Here and there you’ll find exceptions to the rule and also remember this applies only to the Midwest. I’m sure in places where it’s hot all year long and everyone has a billion dollars (Miami) it’s mating season forever. Just a big dark red circle of lust. You can try and prove me wrong in the coming months and attempt to find your soul mate during October but they’re probably too busy watching the latest episode of How I Met Your Mother to even notice you.

No Option

Choice sucks. Obviously that statement is taken to a extreme but for the purpose of writing this I’m going to stick to it.

The root of all choice problems can be identified with Subway. It’s their pointless and tedious sandwich creation system that has turned me into sounding like someone out of Ninteen Eighty-Four. Here’s what I’m talking about:

Ben: Hello Kind Sir, I would love to try your new Southwest Breakfast Sandwich that I have seen on my television. It looks positively delightful!

Subway Guy: Okay, what bread will you be having with this sandwich?

Wait, let’s pause for a second. Already the problem begins. What do you mean “what bread”? I want the bread on saw on TV. Why am I being asked this question? I suppose it’s semi legit since people are rather particular about their bread so we’ll go on.

Ben: I don’t know what options I have, how about just the one shown in the picture behind you.

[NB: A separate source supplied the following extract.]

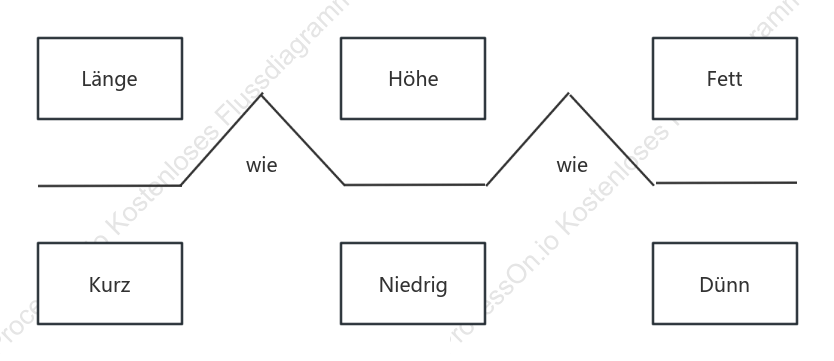 Brückendiagramm-Grundstil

Subway Guy: Okay, we will be having many kinds of bread… (proceed to rattle off 40,000 varieties of bread I didn’t even know were in existence)

Ben: That’s great, can I please have the bread in the picture behind you?

Subway Guy: Okay.

Subway Guy: What would you like to be having with this?

Ben: Umm, whatever comes on a Southwest Breakfast sandwich would be perfect please.

Subway Guy: Do you want peppers?

Ben: Is it supposed to have them!?

Subway Guy: You can put peppers on the sandwich.

Ben: Can you please just make this sandwich look like the sign behind you and what I’ve seen on TV?

Subway Guy: Would you be liking me to put onions on your sandwich?

Look subway, if I wanted to order my own sandwich from scratch I’d sit at home and probably make it myself. What is the point of naming any kind of sandwich if it’s not made from a specific list of ingredients? In the given situation I could say the name of almost any sandwich and walk out with a completely different one given my options.

Here’s subway’s real menu. Meatball, Philly Cheese Steak, A Sandwich, A Breakfast Sandwich.

Why complicate things by making me think you’re making me some kind of specially crafted sandwich if really the only thing I’m going to choose is what stupid meat I want on there.

Idea for Subway: Make your sandwiches to the recipe unless otherwise requested. For people who are not me and would like to customize their experience down to the leaf of lettuce continue to sell your most popular item “Sandwich.” Do not proceed to ask me how I would like my Buffalo Chicken sub created. I’m not a sandwich artist; I do not know. I would just like what I’ve seen on TV! Please understand because I’m a simple man.

Many people say they want choice but they really only think they do. If your choices are limited but the options are pretty good most people are happy. Want to argue that with me? Then answer this, do you own an iPhone yet?